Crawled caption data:
────────────────────

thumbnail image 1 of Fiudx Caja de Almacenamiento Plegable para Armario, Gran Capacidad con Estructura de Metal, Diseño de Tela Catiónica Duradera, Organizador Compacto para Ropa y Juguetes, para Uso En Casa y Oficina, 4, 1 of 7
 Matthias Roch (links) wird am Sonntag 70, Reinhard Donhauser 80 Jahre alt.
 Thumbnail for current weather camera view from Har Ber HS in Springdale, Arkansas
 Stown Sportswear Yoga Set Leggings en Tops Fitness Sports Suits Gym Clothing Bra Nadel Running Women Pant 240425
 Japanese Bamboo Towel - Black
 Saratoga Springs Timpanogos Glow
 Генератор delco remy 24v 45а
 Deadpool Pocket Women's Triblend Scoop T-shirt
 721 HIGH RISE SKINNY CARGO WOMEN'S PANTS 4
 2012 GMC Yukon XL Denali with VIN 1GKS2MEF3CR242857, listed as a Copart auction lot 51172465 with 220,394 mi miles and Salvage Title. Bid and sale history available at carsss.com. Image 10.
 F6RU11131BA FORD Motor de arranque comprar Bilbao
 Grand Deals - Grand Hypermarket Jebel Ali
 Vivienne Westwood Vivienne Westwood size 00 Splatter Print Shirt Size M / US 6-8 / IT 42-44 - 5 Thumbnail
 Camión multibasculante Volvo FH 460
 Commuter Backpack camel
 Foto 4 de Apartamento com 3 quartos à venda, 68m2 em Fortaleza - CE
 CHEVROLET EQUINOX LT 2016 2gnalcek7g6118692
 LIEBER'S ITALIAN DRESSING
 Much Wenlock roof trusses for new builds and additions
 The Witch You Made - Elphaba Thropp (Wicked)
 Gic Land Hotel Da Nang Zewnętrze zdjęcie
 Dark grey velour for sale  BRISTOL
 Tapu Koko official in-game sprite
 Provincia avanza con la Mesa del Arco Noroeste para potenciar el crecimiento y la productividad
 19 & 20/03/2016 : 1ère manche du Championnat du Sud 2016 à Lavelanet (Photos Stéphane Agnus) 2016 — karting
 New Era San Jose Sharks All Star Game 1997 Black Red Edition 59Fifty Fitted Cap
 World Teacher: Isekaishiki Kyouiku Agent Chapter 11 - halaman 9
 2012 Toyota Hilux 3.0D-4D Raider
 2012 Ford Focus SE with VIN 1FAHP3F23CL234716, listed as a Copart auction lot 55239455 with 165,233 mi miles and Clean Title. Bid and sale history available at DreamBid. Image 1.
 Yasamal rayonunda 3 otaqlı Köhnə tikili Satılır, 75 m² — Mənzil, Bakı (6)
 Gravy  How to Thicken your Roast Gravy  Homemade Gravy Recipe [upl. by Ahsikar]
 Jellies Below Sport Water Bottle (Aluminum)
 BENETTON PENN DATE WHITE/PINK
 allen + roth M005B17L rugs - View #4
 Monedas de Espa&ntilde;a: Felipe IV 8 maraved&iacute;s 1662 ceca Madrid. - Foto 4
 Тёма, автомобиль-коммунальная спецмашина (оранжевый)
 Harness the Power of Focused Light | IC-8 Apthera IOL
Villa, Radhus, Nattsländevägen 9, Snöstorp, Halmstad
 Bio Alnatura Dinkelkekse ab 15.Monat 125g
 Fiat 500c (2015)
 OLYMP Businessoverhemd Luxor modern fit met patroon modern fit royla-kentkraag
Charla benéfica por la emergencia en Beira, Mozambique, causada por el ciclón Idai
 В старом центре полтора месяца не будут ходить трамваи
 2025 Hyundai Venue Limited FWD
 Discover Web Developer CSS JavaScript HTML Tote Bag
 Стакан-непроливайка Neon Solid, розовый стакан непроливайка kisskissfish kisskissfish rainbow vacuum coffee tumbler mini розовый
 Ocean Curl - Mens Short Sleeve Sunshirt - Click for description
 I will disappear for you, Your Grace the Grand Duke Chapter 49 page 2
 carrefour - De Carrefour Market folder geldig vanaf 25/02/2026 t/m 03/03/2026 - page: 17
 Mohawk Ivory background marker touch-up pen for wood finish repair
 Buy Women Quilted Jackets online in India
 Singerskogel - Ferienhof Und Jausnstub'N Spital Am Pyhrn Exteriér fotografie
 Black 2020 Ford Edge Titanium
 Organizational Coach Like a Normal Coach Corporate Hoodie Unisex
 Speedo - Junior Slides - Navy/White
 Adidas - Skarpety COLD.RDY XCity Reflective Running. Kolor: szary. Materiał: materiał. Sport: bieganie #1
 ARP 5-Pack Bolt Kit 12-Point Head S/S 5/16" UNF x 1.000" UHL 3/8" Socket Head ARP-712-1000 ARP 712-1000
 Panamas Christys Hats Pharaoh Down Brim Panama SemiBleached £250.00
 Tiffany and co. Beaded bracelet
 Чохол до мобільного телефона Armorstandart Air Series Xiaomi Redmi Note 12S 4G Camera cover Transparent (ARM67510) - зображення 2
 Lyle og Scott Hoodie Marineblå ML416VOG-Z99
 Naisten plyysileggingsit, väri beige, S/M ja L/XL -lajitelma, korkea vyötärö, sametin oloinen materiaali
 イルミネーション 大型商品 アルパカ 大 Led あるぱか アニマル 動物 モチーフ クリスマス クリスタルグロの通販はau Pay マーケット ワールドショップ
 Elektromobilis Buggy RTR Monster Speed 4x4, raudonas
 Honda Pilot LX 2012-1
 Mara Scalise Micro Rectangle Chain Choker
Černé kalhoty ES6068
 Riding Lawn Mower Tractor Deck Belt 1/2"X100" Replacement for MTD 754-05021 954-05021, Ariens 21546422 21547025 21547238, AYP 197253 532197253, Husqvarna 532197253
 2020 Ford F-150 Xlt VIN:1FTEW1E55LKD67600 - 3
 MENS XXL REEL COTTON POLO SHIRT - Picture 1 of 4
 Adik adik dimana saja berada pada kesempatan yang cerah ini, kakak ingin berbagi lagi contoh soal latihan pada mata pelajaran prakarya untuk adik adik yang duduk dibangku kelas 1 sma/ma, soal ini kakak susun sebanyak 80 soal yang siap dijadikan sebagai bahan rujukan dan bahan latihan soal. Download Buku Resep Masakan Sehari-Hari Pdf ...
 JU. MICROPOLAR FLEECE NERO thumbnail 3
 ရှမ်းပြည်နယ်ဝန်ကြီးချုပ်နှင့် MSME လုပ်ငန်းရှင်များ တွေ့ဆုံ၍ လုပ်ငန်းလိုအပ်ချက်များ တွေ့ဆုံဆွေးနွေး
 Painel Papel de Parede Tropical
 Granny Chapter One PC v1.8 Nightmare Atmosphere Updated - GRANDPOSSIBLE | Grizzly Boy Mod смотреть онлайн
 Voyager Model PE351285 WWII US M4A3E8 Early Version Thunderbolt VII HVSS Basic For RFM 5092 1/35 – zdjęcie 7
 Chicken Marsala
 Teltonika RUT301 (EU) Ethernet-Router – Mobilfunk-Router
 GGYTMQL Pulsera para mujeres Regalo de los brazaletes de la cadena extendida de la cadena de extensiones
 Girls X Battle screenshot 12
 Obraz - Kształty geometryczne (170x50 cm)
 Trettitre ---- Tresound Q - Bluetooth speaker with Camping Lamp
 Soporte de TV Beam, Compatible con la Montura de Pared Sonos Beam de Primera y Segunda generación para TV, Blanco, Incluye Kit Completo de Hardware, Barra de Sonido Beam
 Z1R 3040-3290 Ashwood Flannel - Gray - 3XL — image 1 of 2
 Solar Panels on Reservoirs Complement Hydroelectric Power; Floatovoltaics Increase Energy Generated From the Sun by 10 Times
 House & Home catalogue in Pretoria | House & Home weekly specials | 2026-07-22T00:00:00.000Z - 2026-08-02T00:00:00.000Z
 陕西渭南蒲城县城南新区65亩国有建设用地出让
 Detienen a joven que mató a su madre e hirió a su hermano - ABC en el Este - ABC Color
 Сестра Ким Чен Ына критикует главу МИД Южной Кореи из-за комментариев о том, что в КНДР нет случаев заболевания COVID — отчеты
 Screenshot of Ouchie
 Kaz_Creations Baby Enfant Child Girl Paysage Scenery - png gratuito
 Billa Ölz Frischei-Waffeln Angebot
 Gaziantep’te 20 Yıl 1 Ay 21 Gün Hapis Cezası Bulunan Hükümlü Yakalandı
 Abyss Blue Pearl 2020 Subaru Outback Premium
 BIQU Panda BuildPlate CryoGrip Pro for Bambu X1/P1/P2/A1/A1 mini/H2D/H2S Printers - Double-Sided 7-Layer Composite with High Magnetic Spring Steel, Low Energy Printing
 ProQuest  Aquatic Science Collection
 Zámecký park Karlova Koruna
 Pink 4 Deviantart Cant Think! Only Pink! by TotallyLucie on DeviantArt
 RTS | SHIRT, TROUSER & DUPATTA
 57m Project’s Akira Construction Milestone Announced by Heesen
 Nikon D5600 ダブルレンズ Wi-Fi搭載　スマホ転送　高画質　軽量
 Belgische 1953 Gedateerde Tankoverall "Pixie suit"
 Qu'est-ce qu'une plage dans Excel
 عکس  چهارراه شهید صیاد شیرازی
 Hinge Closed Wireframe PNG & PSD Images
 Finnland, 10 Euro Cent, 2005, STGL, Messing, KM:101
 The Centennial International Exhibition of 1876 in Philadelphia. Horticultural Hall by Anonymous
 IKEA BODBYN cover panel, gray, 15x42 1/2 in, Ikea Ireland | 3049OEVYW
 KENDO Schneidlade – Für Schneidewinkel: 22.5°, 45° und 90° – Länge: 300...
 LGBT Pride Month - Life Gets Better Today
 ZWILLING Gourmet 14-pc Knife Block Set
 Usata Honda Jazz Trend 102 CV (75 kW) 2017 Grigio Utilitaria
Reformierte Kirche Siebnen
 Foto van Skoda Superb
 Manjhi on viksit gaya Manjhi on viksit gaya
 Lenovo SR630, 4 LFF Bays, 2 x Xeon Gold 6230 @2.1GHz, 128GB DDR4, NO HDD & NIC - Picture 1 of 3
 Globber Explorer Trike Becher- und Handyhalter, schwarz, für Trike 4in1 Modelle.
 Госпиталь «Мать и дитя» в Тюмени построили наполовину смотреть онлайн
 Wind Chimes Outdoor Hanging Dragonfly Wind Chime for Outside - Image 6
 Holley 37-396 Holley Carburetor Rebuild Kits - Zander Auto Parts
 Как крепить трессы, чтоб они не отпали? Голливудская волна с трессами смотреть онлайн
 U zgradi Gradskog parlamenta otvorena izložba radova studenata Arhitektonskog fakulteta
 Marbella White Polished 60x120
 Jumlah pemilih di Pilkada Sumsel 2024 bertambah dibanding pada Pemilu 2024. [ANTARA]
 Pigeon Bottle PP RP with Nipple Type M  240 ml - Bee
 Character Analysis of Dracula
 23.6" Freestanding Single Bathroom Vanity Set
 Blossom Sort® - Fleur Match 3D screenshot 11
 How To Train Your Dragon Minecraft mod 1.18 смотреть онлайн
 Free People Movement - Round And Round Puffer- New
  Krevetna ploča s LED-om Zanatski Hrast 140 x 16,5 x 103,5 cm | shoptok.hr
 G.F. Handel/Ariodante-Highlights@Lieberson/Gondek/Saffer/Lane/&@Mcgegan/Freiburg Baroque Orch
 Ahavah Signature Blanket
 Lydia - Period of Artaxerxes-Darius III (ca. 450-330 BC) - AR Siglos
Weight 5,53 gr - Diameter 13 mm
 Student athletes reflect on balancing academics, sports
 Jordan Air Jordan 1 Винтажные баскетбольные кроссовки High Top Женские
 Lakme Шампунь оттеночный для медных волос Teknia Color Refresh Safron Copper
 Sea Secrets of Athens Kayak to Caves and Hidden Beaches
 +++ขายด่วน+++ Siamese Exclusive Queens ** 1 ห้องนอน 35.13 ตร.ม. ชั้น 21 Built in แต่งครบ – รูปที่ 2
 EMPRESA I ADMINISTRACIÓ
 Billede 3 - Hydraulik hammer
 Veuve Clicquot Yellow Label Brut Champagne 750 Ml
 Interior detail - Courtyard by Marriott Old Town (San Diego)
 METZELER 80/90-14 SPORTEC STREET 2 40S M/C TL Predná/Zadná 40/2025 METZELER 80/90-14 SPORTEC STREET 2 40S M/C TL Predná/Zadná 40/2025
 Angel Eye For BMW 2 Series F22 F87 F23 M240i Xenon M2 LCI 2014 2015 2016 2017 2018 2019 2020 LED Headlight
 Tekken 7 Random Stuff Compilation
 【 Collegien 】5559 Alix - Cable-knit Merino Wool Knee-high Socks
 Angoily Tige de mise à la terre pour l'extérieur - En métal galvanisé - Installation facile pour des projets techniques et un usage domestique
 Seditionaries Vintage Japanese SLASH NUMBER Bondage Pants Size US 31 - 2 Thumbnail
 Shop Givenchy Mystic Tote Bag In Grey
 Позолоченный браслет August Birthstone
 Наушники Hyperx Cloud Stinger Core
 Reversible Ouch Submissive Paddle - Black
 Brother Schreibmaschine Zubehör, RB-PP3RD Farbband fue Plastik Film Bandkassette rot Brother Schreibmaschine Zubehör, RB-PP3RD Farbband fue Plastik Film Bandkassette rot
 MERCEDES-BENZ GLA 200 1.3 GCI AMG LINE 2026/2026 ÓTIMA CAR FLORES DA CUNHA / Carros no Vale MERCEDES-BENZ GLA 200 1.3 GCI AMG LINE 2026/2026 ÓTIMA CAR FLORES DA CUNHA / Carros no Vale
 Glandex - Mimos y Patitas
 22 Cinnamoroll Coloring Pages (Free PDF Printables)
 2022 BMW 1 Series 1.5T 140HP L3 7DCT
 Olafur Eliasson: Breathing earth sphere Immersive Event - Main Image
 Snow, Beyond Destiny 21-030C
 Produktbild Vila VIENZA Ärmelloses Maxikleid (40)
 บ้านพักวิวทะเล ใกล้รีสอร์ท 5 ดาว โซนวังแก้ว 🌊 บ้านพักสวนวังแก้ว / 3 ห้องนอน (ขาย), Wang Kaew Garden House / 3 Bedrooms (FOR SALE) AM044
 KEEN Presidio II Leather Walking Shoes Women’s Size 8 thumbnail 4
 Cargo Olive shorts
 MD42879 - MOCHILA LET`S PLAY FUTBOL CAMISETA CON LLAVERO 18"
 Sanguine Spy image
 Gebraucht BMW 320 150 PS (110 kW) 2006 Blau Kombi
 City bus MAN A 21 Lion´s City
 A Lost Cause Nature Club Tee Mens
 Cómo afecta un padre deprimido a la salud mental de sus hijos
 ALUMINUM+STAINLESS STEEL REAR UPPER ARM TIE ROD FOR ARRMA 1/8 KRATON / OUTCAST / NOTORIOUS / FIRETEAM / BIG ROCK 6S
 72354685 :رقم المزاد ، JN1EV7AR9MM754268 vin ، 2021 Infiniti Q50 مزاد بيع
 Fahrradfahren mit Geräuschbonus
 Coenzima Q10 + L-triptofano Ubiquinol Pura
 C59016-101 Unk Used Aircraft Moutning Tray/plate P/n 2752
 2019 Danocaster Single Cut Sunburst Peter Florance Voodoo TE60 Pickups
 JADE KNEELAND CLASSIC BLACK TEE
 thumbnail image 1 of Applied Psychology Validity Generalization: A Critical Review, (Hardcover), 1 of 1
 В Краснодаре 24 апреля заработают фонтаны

────────────────────

Exercise:
Go to the line with "Bandkassette rot Brother" in the entries above and repeat every line from there through the line with "22 Cinnamoroll Coloring", exactly and with no other text.

Solution to this problem:
 Brother Schreibmaschine Zubehör, RB-PP3RD Farbband fue Plastik Film Bandkassette rot Brother Schreibmaschine Zubehör, RB-PP3RD Farbband fue Plastik Film Bandkassette rot
 MERCEDES-BENZ GLA 200 1.3 GCI AMG LINE 2026/2026 ÓTIMA CAR FLORES DA CUNHA / Carros no Vale MERCEDES-BENZ GLA 200 1.3 GCI AMG LINE 2026/2026 ÓTIMA CAR FLORES DA CUNHA / Carros no Vale
 Glandex - Mimos y Patitas
 22 Cinnamoroll Coloring Pages (Free PDF Printables)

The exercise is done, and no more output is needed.